Après l’annulation de quatre PSE, Unilever a fini par céder sur plusieurs points importants : le transfert des installations administratives et industrielles du site à la Scop des salariés, pour l’euro symbolique ; le soutien financier au démarrage et au développement du plan alternatif des salariés en sécurisant les acquis obtenus et en ouvrant des perspectives sérieuses, notamment par diverses mesures contribuant au développement commercial (recherche de débouchés de production, construction d’une marque, renforcement de l’appareil commercial et administratif…) ; une contribution de 20 millions d’euros au fonds de roulement ; le financement d’une formation pour les salariés de la Scop ; la participation à la remise en état, au développement, à la modernisation et à la diversification de l’outil de travail ; le maintien des institutions représentatives du personnel pendant une période suffisante permettant la maîtrise du dossier jusqu’à la création officielle de la Scop ; l’obtention d’une prime substantielle de préjudice pour chaque salarié en lutte, venant s’ajouter aux indemnités légales.
C’est vraiment dans la dernière ligne droite que l’État a enfin agi pour que le conflit aboutisse, ce qui est à noter, surtout quand on voit ce qu’est la politique de ce gouvernement « de gauche ». Certains ministres d’aujourd’hui s’étaient engagés à réquisitionner la marque « Éléphant », ce qui n’a jamais été tenu. Précisons aussi qu’avec l’ANI mis en place par ce même gouvernement, notre lutte n’aurait pas pu exister et nous serions morts.

Quel sentiment après trois ans et demi de lutte ?
D’abord, une immense satisfaction, surtout dans le contexte général et après le dimanche noir qui a vu le FN arriver en tête aux élections européennes. Notre victoire est un peu un camouflet pour ce FN qui a été le seul parti à ne jamais dire un mot de soutien à notre lutte, alors que tous les autres partis, même avec une dose plus ou moins forte de mauvaise foi, ont fait un jour ou l’autre une déclaration de soutien.
Notre victoire est la preuve qu’il n’y a jamais de fatalité, même contre une grande multinationale.
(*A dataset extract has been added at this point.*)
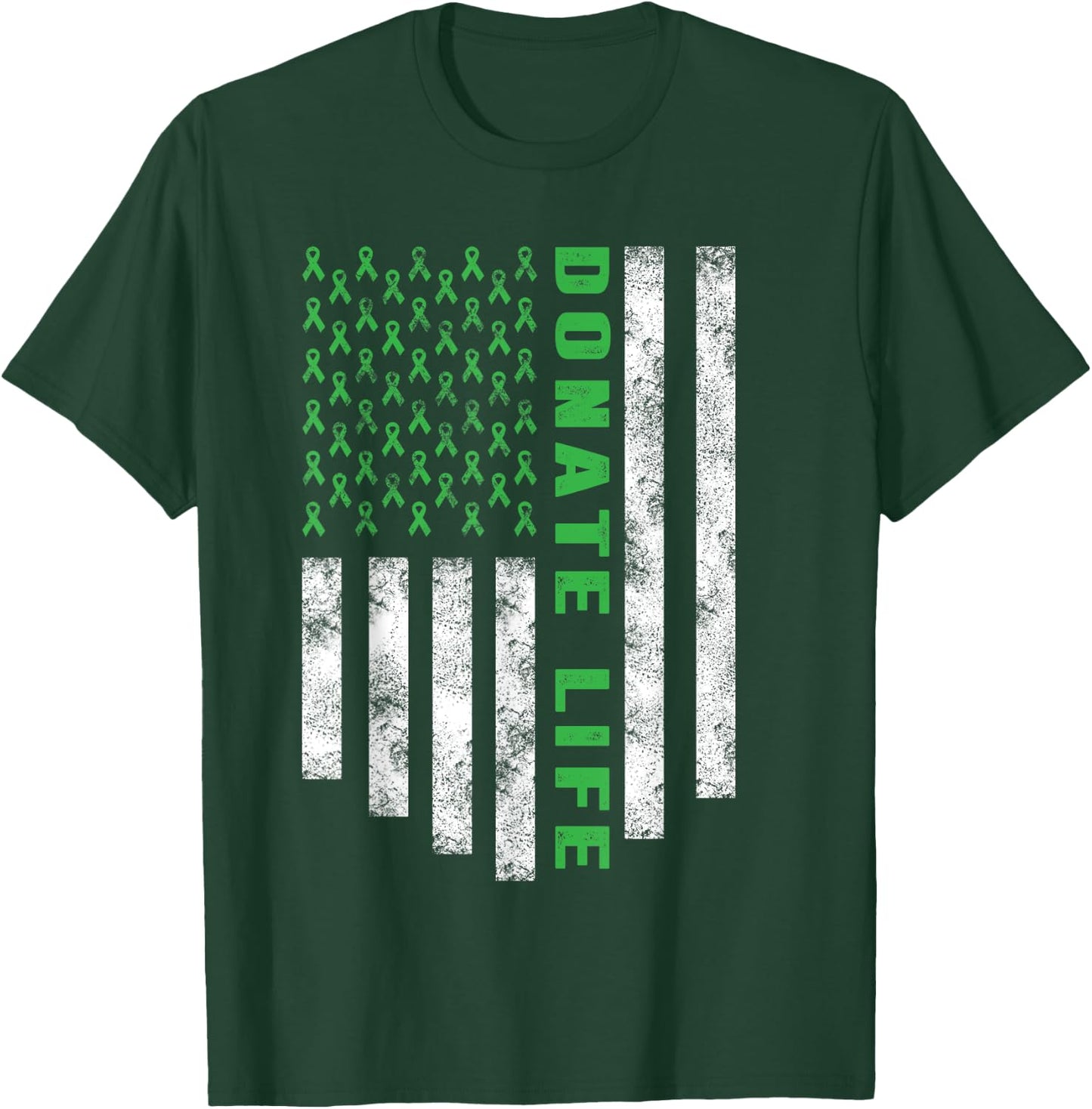 Organ Transplant Awareness USA Flag Donate Life Green Ribbon T-Shirt - T-Shirt | Forest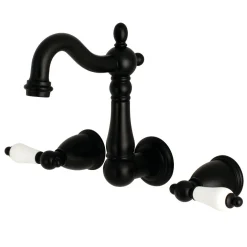 Kingston Brass Heritage Wall Mount 8-Inch Center Bathroom Faucet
Unilever, c’est 53 milliards de chiffre d’affaire et 5 milliards de bénéfice net par an. C’est aussi deux milliards de produits vendus dans le monde. Notre lutte était celle du « pot de thé contre le pot de fer », et nous l’avons gagnée.

Au-delà de la victoire, que représente votre lutte ?
Notre combat pour la Scop, dans lequel nous entrons maintenant, n’est pas gagné d’avance. Le capitalisme est hélas toujours là, et on va être obligé de vivre dedans. Nous ne serons qu’une poche de résistance.
Mais nous avons rencontré beaucoup d’autres travailleurs en lutte comme les ex-Pilpa qui ont inauguré leur Scop, ou une petite entreprise de charpentes à Gardanne qui continue à fonctionner.

Et maintenant ?
Il est difficile de fixer une date précise de démarrage de la Scop. Nous allons d’abord liquider tout ce qui tourne autours du conflit, y compris les aspects individuels. 14 d’entre nous continueront à être payés par Unilever pendant 2 ans, en comptant le congé de reclassement. Mais nos 1 336 jours de lutte ont aussi permis à certains salariés, qui n’avaient pas les annuités pour partir à la retraite, de les gagner. À partir de maintenant, 50 à 60 ex-salariés d’Univeler entrent comme coopérateurs et vont se mettre au travail.
Nous allons pouvoir concrétiser les liens que nous avons noués avec des petits producteurs de thé et de plantes aromatiques, pour établir des rapports sur la base d’échanges équitables, et fabriquer des produits de meilleure qualité… sans avoir à rémunérer des actionnaires. Mais d’ici là, nous allons organiser une grande fête dans notre usine pour fêter la victoire avec toutes celles et tous ceux qui ont été à nos côtés sans répit depuis le début.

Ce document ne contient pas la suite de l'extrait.